Go through the entries below and copy every line that holds the word "dans".

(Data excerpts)
══════
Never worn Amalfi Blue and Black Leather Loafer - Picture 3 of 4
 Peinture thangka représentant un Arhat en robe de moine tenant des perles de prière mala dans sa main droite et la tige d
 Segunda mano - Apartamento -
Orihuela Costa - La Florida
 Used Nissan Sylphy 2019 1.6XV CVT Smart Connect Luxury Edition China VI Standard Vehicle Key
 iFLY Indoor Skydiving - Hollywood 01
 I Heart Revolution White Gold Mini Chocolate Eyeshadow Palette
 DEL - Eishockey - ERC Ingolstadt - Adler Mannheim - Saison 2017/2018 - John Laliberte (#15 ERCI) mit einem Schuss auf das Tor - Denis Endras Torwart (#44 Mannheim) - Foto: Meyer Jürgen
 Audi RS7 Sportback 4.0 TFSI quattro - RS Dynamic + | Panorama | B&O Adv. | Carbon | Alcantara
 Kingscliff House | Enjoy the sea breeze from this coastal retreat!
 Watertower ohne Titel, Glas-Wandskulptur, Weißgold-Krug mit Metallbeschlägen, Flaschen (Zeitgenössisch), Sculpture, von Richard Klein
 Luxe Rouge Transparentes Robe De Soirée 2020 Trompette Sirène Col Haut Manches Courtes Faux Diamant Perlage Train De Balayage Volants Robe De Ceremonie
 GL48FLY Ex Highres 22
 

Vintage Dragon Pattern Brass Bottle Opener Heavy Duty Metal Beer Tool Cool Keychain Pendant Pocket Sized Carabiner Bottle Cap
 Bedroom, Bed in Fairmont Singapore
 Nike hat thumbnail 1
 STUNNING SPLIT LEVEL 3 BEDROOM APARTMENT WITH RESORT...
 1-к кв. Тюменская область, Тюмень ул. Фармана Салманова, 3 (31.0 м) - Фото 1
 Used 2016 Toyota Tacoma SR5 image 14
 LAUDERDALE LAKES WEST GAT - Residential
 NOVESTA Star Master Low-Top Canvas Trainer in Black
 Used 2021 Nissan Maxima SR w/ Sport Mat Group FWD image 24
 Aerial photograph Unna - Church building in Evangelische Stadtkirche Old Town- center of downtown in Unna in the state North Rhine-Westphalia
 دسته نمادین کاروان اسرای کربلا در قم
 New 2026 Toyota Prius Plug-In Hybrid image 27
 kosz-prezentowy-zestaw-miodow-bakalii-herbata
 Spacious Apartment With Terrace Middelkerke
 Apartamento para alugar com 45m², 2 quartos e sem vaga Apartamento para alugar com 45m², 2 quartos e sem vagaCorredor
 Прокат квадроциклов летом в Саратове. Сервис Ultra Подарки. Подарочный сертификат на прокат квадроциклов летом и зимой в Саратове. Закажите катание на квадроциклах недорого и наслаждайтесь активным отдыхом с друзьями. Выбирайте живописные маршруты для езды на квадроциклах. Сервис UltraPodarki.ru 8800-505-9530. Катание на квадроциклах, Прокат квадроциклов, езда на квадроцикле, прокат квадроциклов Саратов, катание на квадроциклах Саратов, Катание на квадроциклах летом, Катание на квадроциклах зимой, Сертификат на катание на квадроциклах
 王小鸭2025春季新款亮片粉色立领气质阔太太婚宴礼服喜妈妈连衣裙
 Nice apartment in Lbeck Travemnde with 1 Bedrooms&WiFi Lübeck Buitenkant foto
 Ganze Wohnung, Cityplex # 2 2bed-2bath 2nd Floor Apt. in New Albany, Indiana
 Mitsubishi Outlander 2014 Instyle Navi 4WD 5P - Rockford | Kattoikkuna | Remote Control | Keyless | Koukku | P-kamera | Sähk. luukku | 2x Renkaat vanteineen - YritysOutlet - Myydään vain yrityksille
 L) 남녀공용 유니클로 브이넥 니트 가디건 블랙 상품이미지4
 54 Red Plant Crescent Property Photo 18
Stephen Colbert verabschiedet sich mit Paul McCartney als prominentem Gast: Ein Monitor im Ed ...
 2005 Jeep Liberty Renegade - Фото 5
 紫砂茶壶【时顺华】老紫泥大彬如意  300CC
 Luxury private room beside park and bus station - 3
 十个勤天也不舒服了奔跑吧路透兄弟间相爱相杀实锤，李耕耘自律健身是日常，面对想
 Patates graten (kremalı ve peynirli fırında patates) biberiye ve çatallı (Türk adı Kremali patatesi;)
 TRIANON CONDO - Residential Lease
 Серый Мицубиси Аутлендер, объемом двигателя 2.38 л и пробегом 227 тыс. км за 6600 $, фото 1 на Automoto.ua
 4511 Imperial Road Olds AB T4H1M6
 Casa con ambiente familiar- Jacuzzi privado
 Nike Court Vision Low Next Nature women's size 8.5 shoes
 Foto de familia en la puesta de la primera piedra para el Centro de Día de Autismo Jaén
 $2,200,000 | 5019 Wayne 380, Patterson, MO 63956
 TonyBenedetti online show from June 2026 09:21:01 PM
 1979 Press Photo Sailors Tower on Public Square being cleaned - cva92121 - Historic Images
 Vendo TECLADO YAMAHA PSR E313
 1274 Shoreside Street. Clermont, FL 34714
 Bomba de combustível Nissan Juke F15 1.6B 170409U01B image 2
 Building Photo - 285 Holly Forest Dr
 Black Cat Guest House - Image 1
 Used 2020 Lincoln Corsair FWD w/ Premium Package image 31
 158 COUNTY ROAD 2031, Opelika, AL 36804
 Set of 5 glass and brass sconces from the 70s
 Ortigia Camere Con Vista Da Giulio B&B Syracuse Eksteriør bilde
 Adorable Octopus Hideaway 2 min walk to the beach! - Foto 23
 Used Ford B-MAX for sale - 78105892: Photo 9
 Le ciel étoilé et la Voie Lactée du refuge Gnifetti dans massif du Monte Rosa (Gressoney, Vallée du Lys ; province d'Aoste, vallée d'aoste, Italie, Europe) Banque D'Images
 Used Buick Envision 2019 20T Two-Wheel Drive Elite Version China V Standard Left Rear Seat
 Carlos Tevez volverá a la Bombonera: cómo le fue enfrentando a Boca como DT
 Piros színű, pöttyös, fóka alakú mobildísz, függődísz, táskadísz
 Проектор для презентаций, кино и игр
══════
• _Exercise solution_
 Peinture thangka représentant un Arhat en robe de moine tenant des perles de prière mala dans sa main droite et la tige d
 Le ciel étoilé et la Voie Lactée du refuge Gnifetti dans massif du Monte Rosa (Gressoney, Vallée du Lys ; province d'Aoste, vallée d'aoste, Italie, Europe) Banque D'Images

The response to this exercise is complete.